I am trying to learn how to classify satellite imagery in the form of tiles/patches (e.g. up to 64x64 pixels). I have trained a preliminary model and can use it to predict image patches that I manually created. Do you have any suggestion on the best way to split/slice/crop a large image into tiles, for inferencing (in batches?). I tried to look at Torch Vision’s “transforms”, but did not manage to find a suitable thing/function/library to use…
So I’m running into a similar problem for an image segmentation task where the images are really large, way too large to fit into GPU memory. Could you point me to some example code where an image is split into patches and then repatched together to reproduce the original?
I’ve tried using unfold but I’m not really familiar with PyTorch tensors so I’m struggling to get it working properly.
Open the whole image with gdal.open() and stack the individual bands to a numpy array.

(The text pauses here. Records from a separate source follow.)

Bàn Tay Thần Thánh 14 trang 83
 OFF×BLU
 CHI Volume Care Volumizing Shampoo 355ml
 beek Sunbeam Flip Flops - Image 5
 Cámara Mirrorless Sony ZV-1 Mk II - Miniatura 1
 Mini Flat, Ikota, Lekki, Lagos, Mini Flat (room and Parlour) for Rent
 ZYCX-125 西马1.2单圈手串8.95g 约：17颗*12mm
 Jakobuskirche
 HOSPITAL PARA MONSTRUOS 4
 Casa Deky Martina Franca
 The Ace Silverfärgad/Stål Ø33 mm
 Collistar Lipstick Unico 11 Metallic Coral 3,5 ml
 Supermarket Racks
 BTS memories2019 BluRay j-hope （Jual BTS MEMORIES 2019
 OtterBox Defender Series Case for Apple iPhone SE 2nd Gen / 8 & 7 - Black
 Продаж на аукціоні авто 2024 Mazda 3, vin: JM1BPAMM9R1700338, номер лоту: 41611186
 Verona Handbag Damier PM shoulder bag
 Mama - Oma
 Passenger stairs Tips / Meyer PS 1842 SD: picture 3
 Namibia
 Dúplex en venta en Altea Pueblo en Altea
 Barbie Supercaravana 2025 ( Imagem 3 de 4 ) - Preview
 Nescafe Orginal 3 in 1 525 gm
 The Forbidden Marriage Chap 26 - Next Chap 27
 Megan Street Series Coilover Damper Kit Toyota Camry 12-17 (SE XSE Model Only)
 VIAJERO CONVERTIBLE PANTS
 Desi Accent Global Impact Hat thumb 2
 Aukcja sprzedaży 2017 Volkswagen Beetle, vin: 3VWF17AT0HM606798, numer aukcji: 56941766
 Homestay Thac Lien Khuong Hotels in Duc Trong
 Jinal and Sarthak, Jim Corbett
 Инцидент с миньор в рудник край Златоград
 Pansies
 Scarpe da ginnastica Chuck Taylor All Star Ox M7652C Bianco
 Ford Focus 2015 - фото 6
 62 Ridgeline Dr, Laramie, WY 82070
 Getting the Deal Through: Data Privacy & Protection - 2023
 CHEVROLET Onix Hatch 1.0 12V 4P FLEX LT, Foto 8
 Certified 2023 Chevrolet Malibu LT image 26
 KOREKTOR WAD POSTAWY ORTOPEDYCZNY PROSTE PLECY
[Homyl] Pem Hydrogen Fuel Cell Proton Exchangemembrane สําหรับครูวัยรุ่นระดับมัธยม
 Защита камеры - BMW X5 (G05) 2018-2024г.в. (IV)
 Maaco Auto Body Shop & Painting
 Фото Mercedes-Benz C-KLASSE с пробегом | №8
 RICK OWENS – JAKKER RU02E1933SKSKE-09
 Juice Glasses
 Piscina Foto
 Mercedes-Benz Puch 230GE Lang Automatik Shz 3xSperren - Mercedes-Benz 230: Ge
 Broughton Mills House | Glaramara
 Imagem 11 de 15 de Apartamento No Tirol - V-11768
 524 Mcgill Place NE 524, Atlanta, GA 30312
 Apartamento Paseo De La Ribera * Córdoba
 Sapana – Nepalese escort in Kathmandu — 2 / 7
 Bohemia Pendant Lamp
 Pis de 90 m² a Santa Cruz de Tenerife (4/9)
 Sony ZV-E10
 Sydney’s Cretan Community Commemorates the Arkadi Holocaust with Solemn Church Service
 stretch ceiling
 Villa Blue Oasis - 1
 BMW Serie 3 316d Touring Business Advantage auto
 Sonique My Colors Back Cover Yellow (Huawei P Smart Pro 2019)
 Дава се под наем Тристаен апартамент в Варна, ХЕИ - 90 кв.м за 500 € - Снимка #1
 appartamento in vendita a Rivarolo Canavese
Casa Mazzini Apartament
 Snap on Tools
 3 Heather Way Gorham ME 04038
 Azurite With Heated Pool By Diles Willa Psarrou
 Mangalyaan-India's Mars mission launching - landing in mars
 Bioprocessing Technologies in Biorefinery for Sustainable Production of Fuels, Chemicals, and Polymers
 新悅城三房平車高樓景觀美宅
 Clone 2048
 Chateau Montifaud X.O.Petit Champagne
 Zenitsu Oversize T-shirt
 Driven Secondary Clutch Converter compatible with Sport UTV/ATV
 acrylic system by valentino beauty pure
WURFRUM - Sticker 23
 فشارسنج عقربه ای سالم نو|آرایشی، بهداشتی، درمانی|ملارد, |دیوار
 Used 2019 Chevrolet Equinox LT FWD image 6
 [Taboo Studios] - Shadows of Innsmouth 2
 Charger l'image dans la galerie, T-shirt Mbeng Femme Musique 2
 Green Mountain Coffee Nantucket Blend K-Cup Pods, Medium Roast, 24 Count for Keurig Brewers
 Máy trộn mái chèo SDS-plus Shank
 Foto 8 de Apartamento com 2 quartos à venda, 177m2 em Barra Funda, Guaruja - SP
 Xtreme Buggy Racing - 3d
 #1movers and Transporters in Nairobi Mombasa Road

Then extract the image extents with gdal and use them to calculate the sliding window extents(pixel coordinates) you´ll need according to your wanted window size
Then use numpy array selection to get the individual windows and save them to a numpy list … done!
A prerequisite for this method is, that your available RAM is a few times larger than your image (although this can be optimized of course).
I managed to get it working using torch.Tensor.unfold (https://pytorch.org/docs/stable/tensors.html#torch.Tensor.unfold) in the end which seems much simpler: patches = img.data.unfold(0, 3, 3).unfold(1, 224, 224).unfold(3, 2224, 224) - This takes the image and gives a set of 224 * 224 patches. The only thing I am stuck with now is how to use the patches to reconstruct the image.